Print

Pancake Recipe No Egg

5 Stars 4 Stars 3 Stars 2 Stars 1 Star

No reviews

Ingredients

Scale
    • 1 ½ cups (190g) all-purpose flour

    • 2 tablespoons sugar

    • 1 ½ teaspoons baking powder

    • ½ teaspoon baking soda

    • ¼ teaspoon salt

    • 1 ¼ cups (310ml) milk (or dairy-free alternative)

    • 1 tablespoon vinegar or lemon juice

    • 2 tablespoons melted butter or oil

    • 1 teaspoon vanilla extract

Instructions

    • In a small bowl, mix the milk with vinegar or lemon juice. Let it sit for 5 minutes to create a buttermilk substitute.

    • In a large bowl, whisk together the flour, sugar, baking powder, baking soda, and salt.

    • Add the buttermilk mixture, melted butter (or oil), and vanilla extract to the dry ingredients. Stir gently until just combined don’t overmix! A few lumps are okay.

    • Heat a non-stick pan or griddle over medium heat and lightly grease it.

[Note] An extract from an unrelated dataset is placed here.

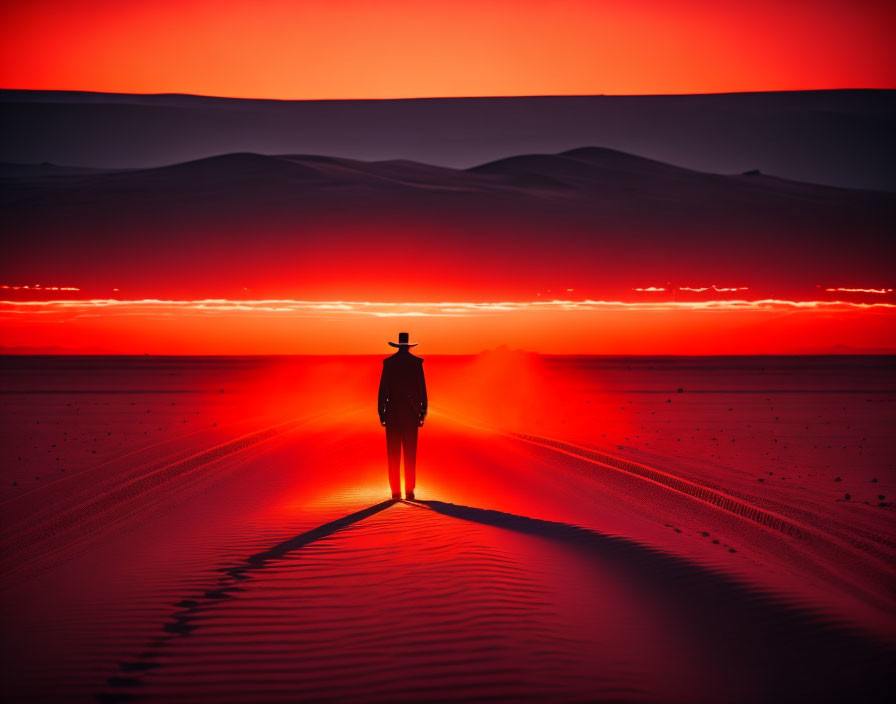 Silhouette of person in hat on desert dune at red sunset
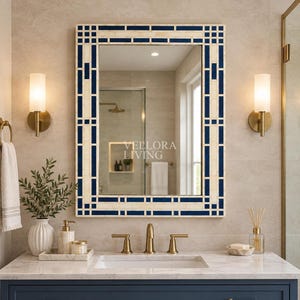 May include: A rectangular wall mirror featuring a geometric frame with alternating cream-colored and deep navy blue rectangular inlays. The glass surface displays the text VELLORA LIVING in white lettering, reflecting a bathroom interior.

    • Pour about ¼ cup of batter onto the pan for each pancake. Cook until bubbles form on the surface and the edges look set (about 2 minutes).

    • Flip and cook for another 1-2 minutes, until golden brown.

    • Repeat with the remaining batter, greasing the pan as needed.

    • Serve warm with maple syrup, fresh fruit, or your favorite toppings!